What the task asks
Please look for the string "page" below and report every line in which it occurs.

Available records

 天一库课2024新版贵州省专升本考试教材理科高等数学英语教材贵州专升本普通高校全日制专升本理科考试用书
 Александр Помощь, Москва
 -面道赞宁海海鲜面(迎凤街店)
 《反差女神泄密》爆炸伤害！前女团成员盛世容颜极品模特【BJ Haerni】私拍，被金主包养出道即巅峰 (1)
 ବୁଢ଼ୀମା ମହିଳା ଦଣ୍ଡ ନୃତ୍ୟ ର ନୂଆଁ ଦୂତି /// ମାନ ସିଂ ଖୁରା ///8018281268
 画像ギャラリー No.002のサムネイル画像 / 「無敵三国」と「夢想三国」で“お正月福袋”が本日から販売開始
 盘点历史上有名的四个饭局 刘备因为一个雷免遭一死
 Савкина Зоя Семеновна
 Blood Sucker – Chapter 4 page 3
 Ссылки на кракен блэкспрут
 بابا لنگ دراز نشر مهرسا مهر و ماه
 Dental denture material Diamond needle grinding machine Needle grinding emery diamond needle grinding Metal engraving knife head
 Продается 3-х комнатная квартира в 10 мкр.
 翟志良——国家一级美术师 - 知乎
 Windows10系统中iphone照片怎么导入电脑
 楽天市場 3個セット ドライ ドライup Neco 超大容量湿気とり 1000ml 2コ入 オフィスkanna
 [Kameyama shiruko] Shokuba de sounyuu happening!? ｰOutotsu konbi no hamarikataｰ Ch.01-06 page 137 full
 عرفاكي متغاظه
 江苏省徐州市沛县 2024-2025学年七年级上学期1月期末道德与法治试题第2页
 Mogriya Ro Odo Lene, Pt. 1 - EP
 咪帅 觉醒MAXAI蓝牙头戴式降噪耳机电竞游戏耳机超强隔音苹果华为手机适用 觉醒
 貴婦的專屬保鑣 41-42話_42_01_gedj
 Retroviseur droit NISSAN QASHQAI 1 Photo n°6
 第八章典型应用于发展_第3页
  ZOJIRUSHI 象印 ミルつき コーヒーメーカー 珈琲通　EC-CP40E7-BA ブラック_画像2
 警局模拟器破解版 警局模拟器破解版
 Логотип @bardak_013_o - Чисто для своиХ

Exercise answer
 Blood Sucker – Chapter 4 page 3
 [Kameyama shiruko] Shokuba de sounyuu happening!? ｰOutotsu konbi no hamarikataｰ Ch.01-06 page 137 full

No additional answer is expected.